LIM_CPC is a Python package with functionality for pre-processing data, computing EOFs, training linear inverse models (LIMs) on selected variable with specified PC truncations, pre-processing realtime data to initialize a LIM, and generating forecasts. LIM_CPC also post-processes the forecast output to generate maps of forecast anomalies, probabilities derived from the LIM error covariance, perfect model expected skill, hovmollers, and projections onto CPC-specified teleconnection loading patterns. The latest version of LIM_CPC is v1.2.0 Version changes: v1.2.0 (1 Feb 2022): * Post-processes the LIM forecast output with a regression from forecast temperature PCs (JRA space, 2.5 degree grid) to the CPC temperature dataset PCs for the same time period and same truncation. The new forecast PCs are reconstructed on the 2-degree CPC forecast grid over CONUS. * Verification of the LIM forecasts are done on the 2-degree CPC grid over CONUS, using the CPC Global Temp Dataset from PSL (0.5deg resolution) and area-averaging to the 2-degree grid. * New products: Loops of anomalies at daily time-steps. * Added latitude/longitude labels on tropical heating maps. v1.1.1 (1 Nov 2021): * Extended LIM forecasts to include upcoming CPC forecast times (weeks 3 and 4, issued on Friday each week).

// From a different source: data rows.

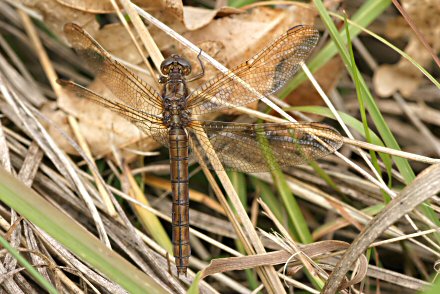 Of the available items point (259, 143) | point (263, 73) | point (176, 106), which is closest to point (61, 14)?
point (176, 106)

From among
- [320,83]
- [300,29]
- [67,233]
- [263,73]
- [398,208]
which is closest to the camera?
[67,233]

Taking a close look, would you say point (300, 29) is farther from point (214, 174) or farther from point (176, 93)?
point (214, 174)

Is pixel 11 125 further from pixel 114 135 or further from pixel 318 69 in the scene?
pixel 318 69

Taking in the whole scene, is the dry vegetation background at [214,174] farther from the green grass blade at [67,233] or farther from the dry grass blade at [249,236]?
the green grass blade at [67,233]

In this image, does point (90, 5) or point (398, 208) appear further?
point (90, 5)

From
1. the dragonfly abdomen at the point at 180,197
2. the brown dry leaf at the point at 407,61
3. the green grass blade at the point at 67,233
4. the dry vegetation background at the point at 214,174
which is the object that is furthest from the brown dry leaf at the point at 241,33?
the green grass blade at the point at 67,233

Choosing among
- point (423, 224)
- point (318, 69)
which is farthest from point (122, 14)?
point (423, 224)

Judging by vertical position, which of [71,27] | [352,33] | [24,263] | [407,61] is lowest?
[24,263] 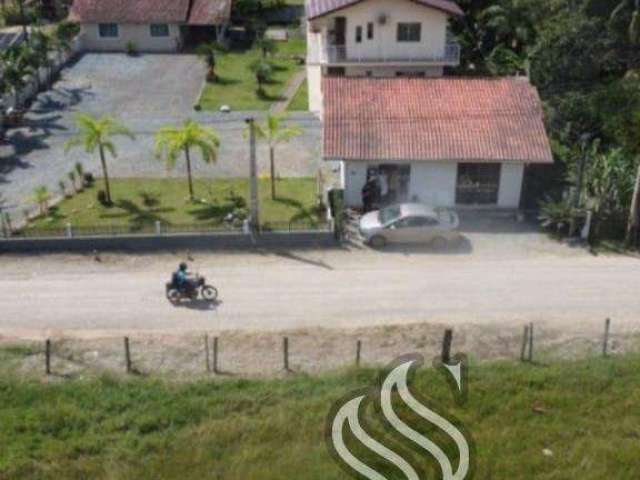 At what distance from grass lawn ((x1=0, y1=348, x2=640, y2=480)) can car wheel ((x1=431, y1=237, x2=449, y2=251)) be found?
770 centimetres

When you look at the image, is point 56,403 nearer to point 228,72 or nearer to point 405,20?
point 405,20

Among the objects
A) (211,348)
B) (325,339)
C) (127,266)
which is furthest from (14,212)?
(325,339)

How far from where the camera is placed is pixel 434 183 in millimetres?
31641

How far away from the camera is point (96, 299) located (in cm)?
2542

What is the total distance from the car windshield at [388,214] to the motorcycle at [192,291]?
7.00m

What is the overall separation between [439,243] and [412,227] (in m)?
1.25

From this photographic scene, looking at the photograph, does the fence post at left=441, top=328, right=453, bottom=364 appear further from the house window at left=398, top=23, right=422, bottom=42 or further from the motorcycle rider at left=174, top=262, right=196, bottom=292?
the house window at left=398, top=23, right=422, bottom=42

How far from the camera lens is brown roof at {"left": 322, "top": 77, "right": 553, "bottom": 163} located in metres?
30.9

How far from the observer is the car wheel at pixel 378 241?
28.9 m

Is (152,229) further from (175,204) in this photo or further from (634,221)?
(634,221)

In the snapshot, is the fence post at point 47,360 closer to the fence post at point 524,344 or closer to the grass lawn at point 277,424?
the grass lawn at point 277,424

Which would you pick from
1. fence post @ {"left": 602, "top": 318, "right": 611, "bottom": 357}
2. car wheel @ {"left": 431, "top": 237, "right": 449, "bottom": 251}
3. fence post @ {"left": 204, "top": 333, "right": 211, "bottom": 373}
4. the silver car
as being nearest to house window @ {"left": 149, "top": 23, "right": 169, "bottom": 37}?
the silver car

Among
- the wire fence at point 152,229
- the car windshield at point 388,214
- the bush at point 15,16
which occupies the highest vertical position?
the bush at point 15,16

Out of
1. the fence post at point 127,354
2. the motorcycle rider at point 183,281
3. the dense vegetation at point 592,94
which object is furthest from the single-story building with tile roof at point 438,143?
the fence post at point 127,354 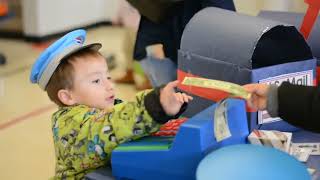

New maps added for these verification periods (constant through the week and move ahead by one week every Saturday). v1.1.0 (25 Oct 2021): * Changed plotting package from basemap to cartopy. * Verification using the CPC Global Temp Dataset from PSL (0.5deg resolution) area-averaged to 2.5 land-masked grid used in JRA temperature dataset for LIM. * Anomalies re-defined with new climatology (1991-2020), as of forecast initialized on 28 May 2021. * New products: Hovmollers of 500mb heights averaged between 20N-40N and 40N-60N. Hovmollers of tropical heating averaged between 15S-0N and 0N-15N. v1.0.0 (1 Mar 2021): * Full details of LIM and package functionality listed below. v1.0.0beta (1 Oct 2020): * Same as v1.0.0 without monthly blending.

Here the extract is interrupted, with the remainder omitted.